Even less appealing to the company are thoughts about how the ban could be extended to apply to all trains and railway stations in the country. Were that to happen, it would put the kibosh on that glass of Riesling in the dining car, bars in train stations would no longer be able to serve beer and kiosks would have to reduce their beverage offerings.

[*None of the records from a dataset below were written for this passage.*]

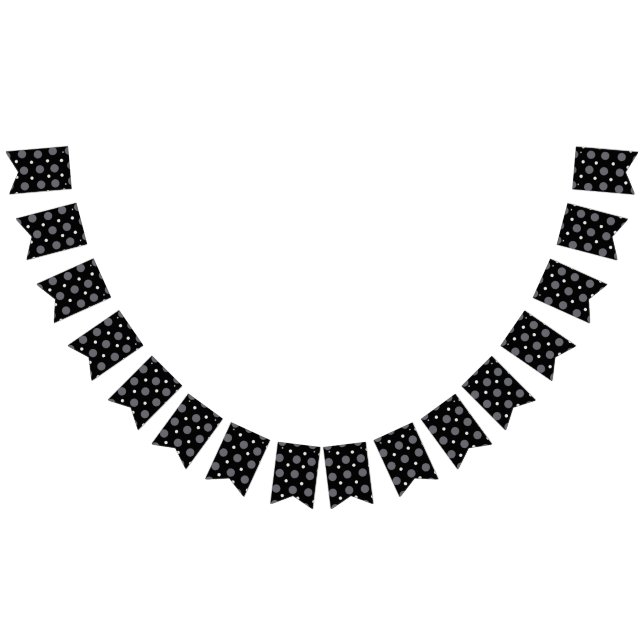 Bandeirinha Bolinhas Pretas e Brancas, Padrão Pontilhado (Todos)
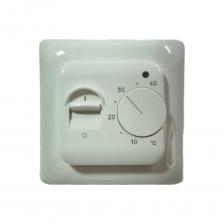 Терморегулятор RTC 70.16 со встроенным датчиком воздуха используется для автоматической поддержки заданного температурного режима помещения в границах от +5 до +40 °С. Контроль температуры осуществляют с помощью входящего в комплект встроенного датчика воздуха. Демонстрация режима работы регулятора происходит посредством светового индикатора. Монтируется в установочную стандартную коробку диаметром 68 мм. Данный регулятор температуры пользуется массовым спросом благодаря надежности, простоте, удачному дизайну и доступной цене. Потребляемая мощность: 2 Вт Окружающая температура: от -5°С до 50°С Материал корпуса: негорючий пластполимер Встроенный NTC датчик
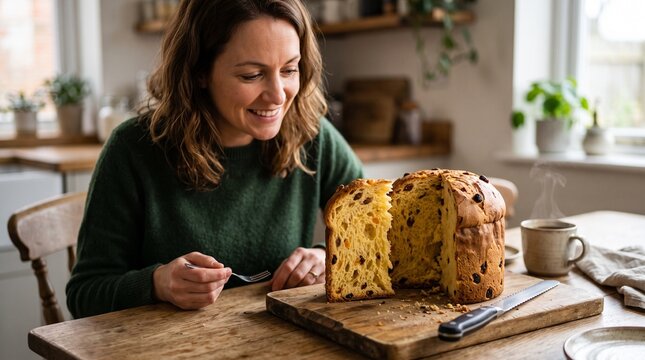 Woman smiling at a freshly baked panettone with a cup of coffee on a wooden table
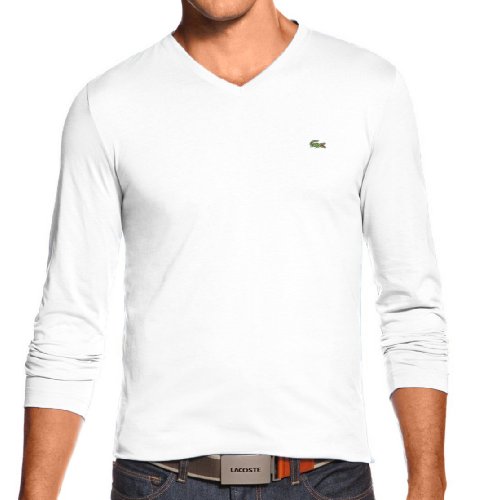 Lacoste Men's Long Sleeve Pima Jersey V-Neck T-Shirt-White-XL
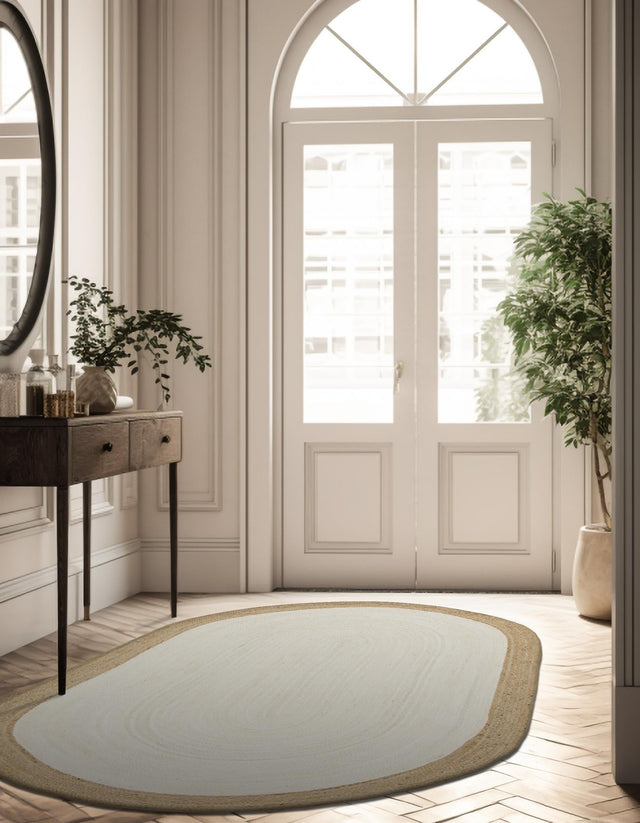White 3' 3 x 5' 1 Braided Jute Oval Rug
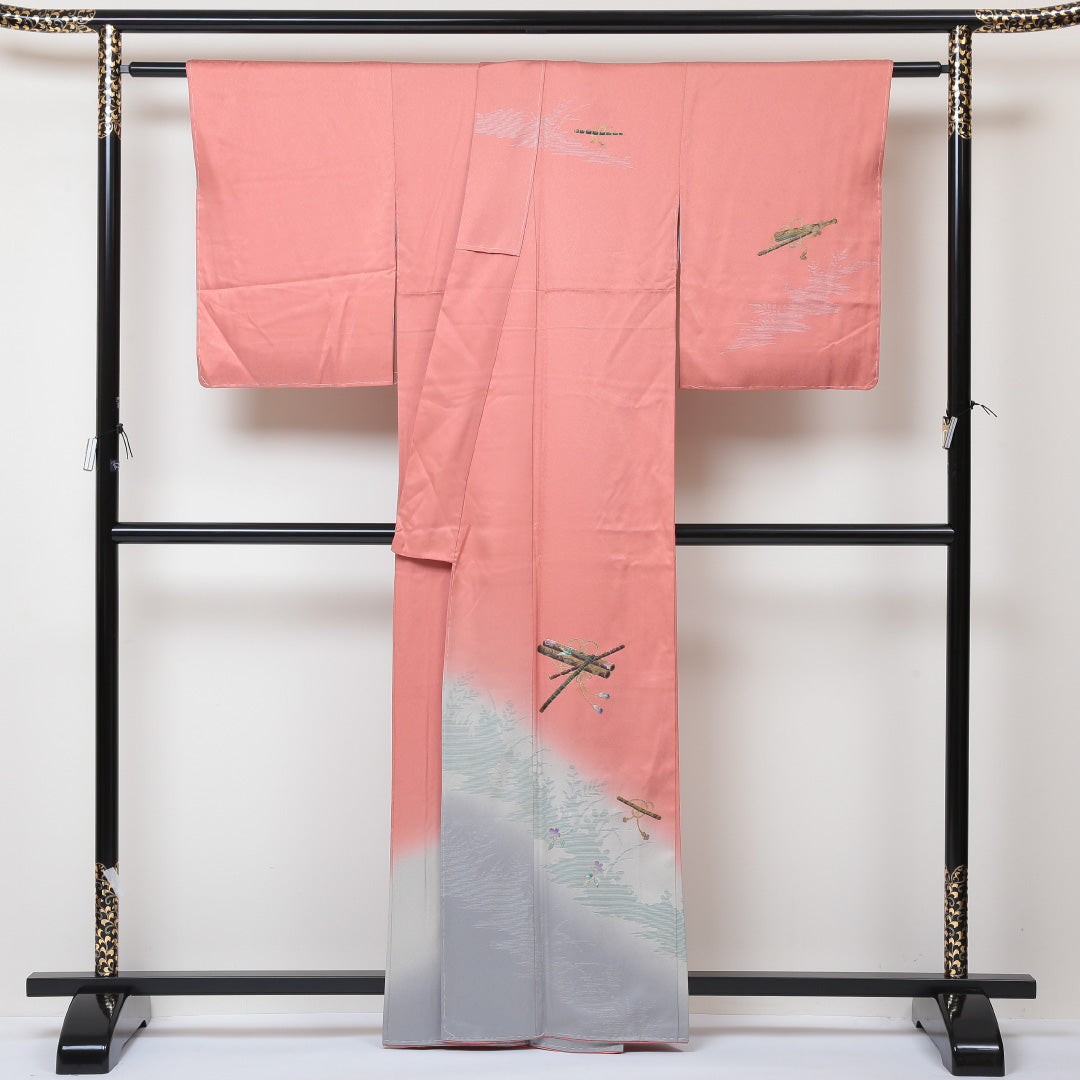 訪問着 袷 身丈165cm 裄丈65cm 正絹 Bランク セミフォーマル 広衿 XLサイズ ぼかし染 金彩 螺鈿 横笛 植物柄 ピンク系 PO 1217-04313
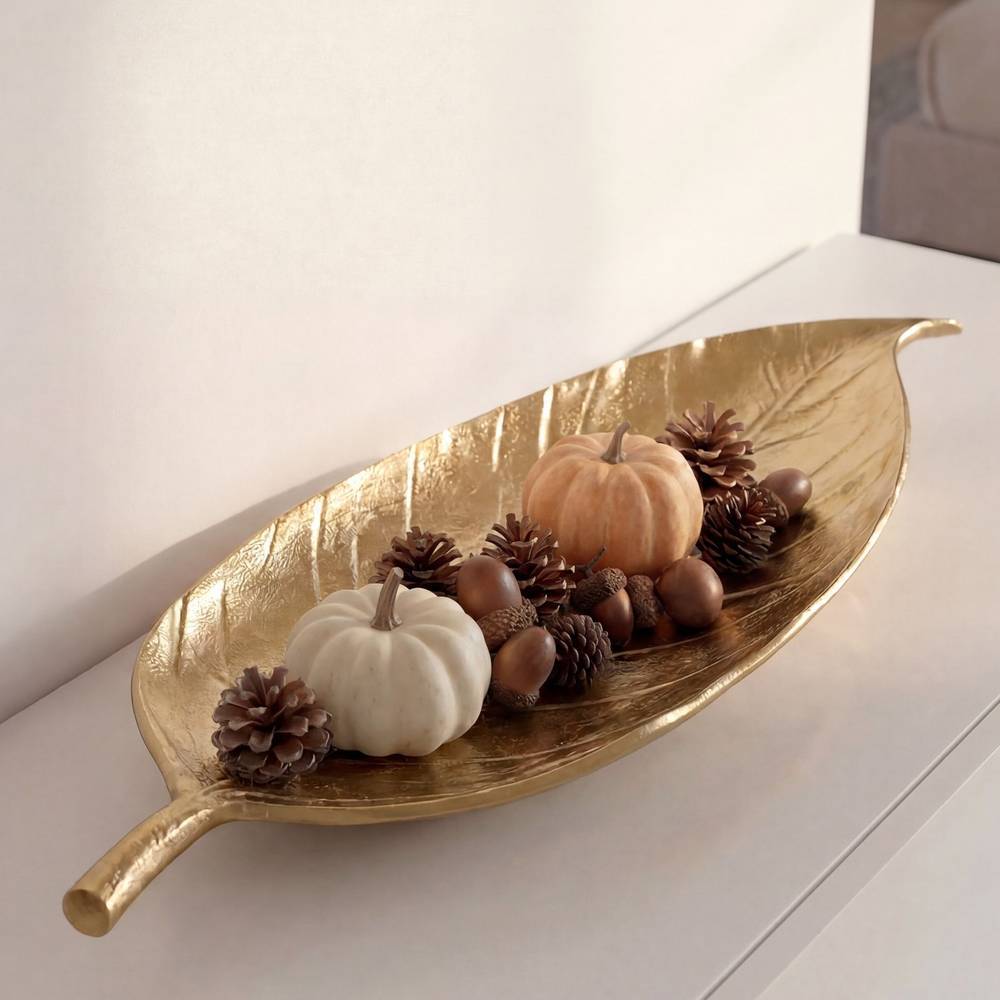 Blattdesign-Schale in Goldfarben - Badryca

Given these circumstances, Deutsche Bahn executives are looking for a way to get around a possible ban. As the operators of alcohol-free commuter rail systems in Hamburg and Munich, they are required to at least officially back restrictive regulations. But, behind closed doors, they are looking for arguments against any follow-up efforts that could drive up their costs.

Passing the Buck

Still, most railway users would probably like to see an alcohol ban. In a telephone survey conducted in Hamburg in January, over 80 percent of passengers welcomed the new policies of Hamburg's transportation authority. One-third of them said that they had already noticed improvements, and 8 percent said they now intend to use local public transportation more often.

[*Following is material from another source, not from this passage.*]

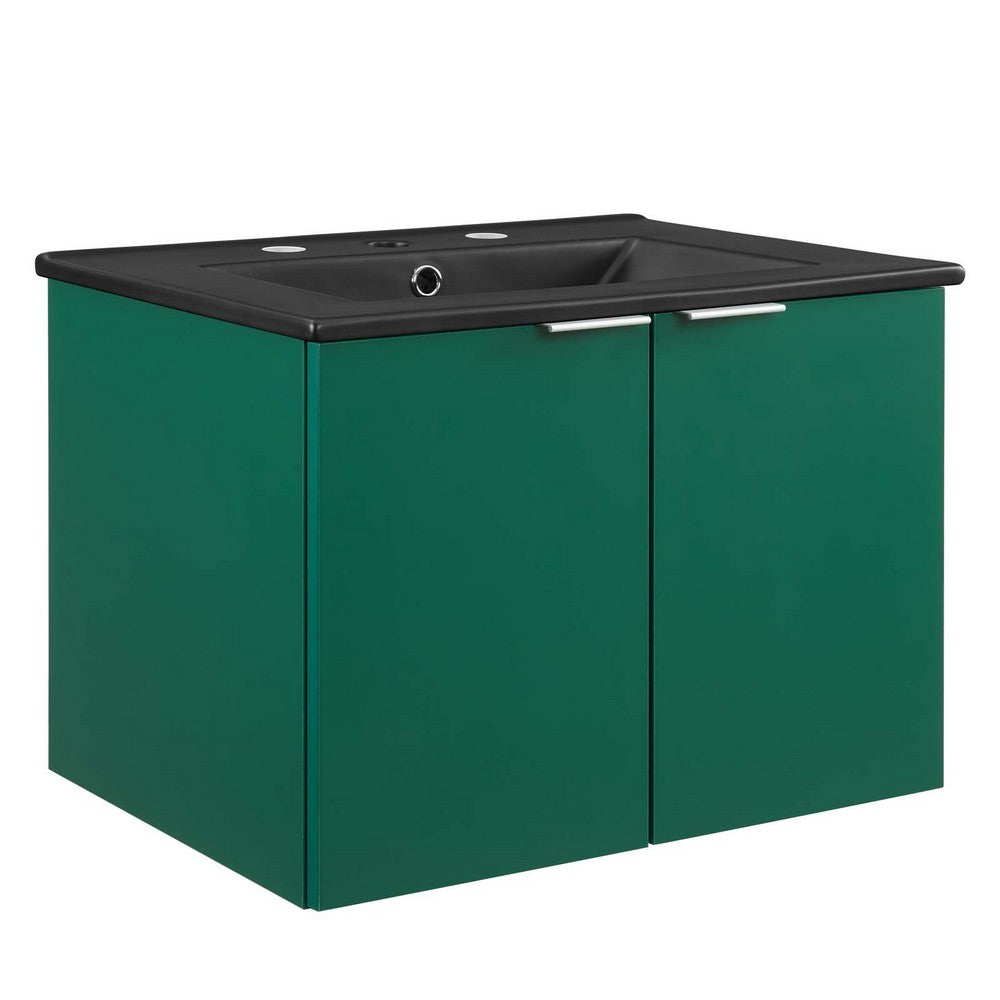 Maybelle 24" Wall-Mount Bathroom Vanity by Modway| Green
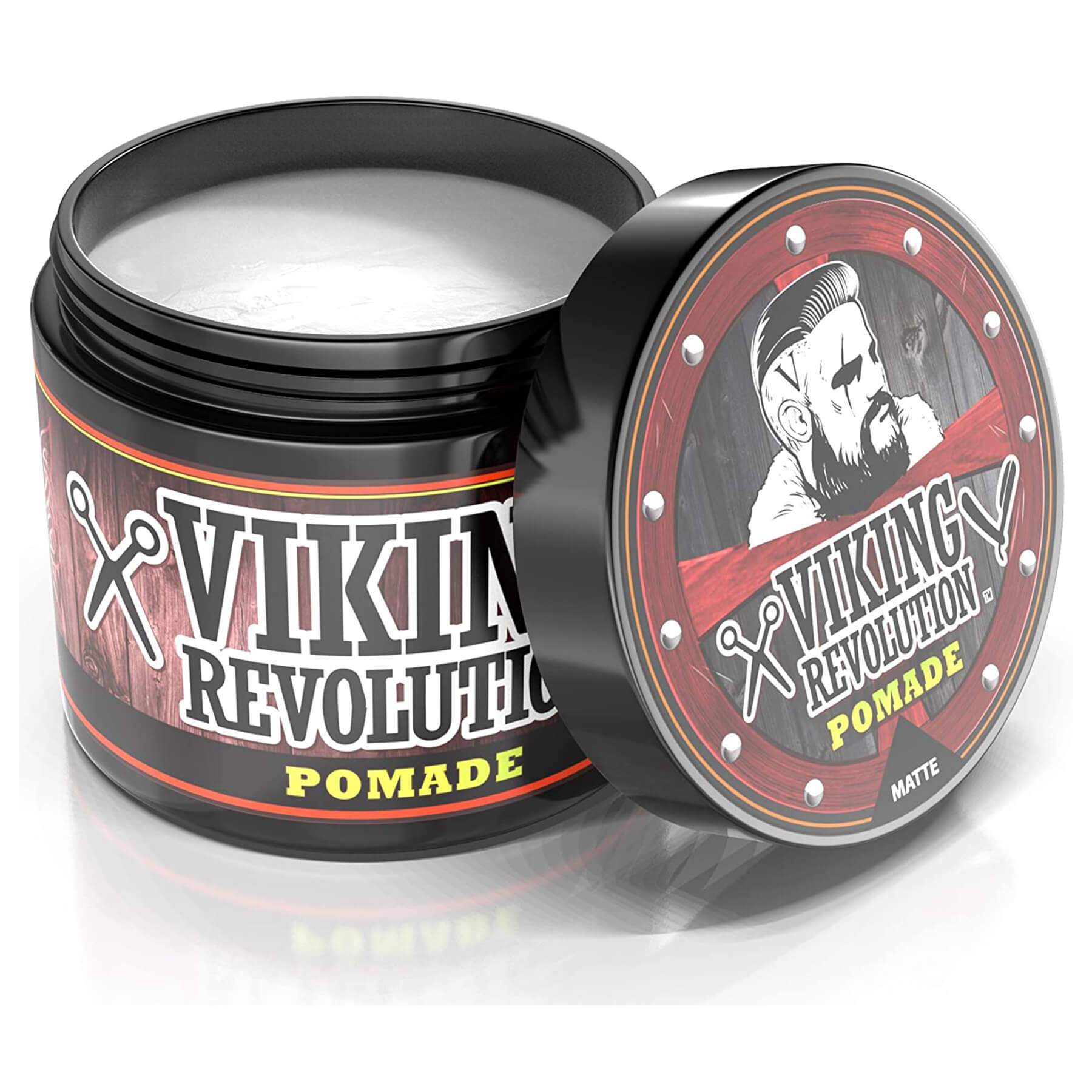 Open the black jar of Viking Revolution Hair Pomade - 4oz with an illustrated lid, designed for top-notch hair grooming. Made with natural ingredients to provide a strong hold, it comes with a satisfaction guarantee.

However, advocates of a ban have so far found little support in some other places. Berlin Interior Minister Frank Henkel, a member of the center-right Christian Democratic Union (CDU), saw his efforts to launch a similar initiative in Berlin collapse after meeting resistance among his Social Democratic counterparts (the CDU and SPD govern the city-state together in a so-called grand coalition). Likewise, Friedrich, the German interior minister, gave a tepid response to the VBB's letter, writing only that nationwide regulations were "not planned."

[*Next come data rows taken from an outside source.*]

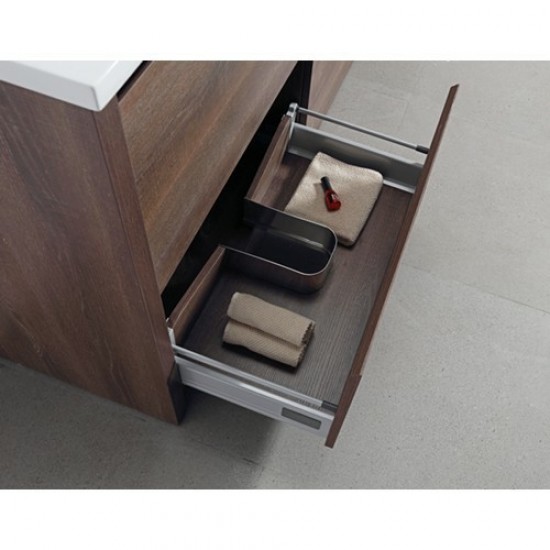 TB 1500mm Plywood Floor Standing Vanity With Double Ceramic Basin Dark Oak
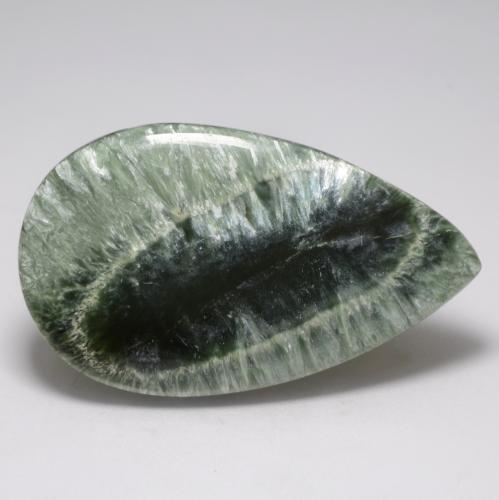Serafinite naturale verde da 20,83 ct, taglio a pera, opaco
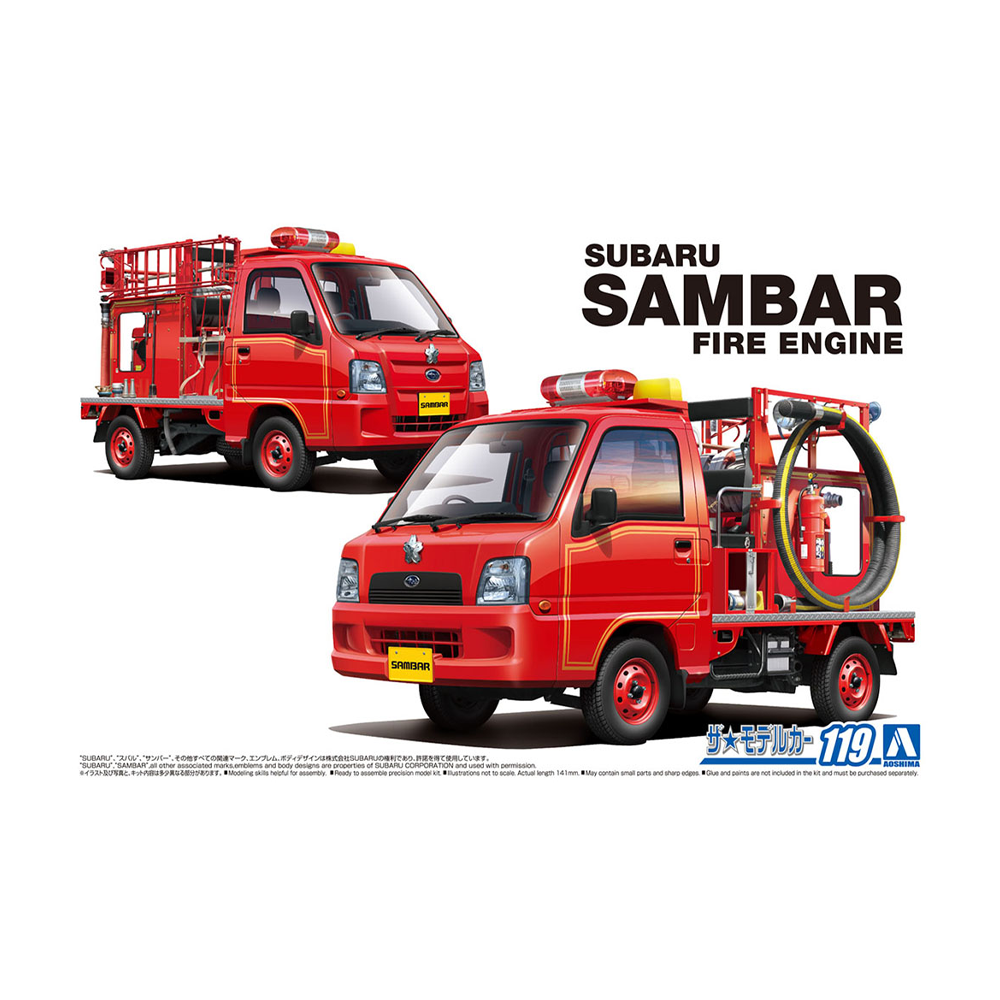 Aoshima: 1/24 Subaru TT2 Sambar Fire Engine '11 Scale Model Kit #119 (ONLINE ORDER ONLY)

German Transportation Minister Peter Ramsauer and his counterparts at the state level have been similarly cagey about the issue. Granted, they have already acknowledged that a ban can have positive effects on "passengers' sense of security." Nevertheless, they dodge the issue by claiming that a nationwide ban would be "not expedient." What's more, they note that experts have yet to evaluate how the bans have fared in Hamburg and Munich.

Meanwhile, Deutsche Bahn favors another solution. Rather than having lawmakers impose a ban on alcohol, executives at the company's Berlin headquarters would prefer to see them declare that being a nuisance to one's fellow passengers is a criminal offense. Doing so would make enforcement the responsibility of the federal police force -- and hence not involve any additional costs for the company.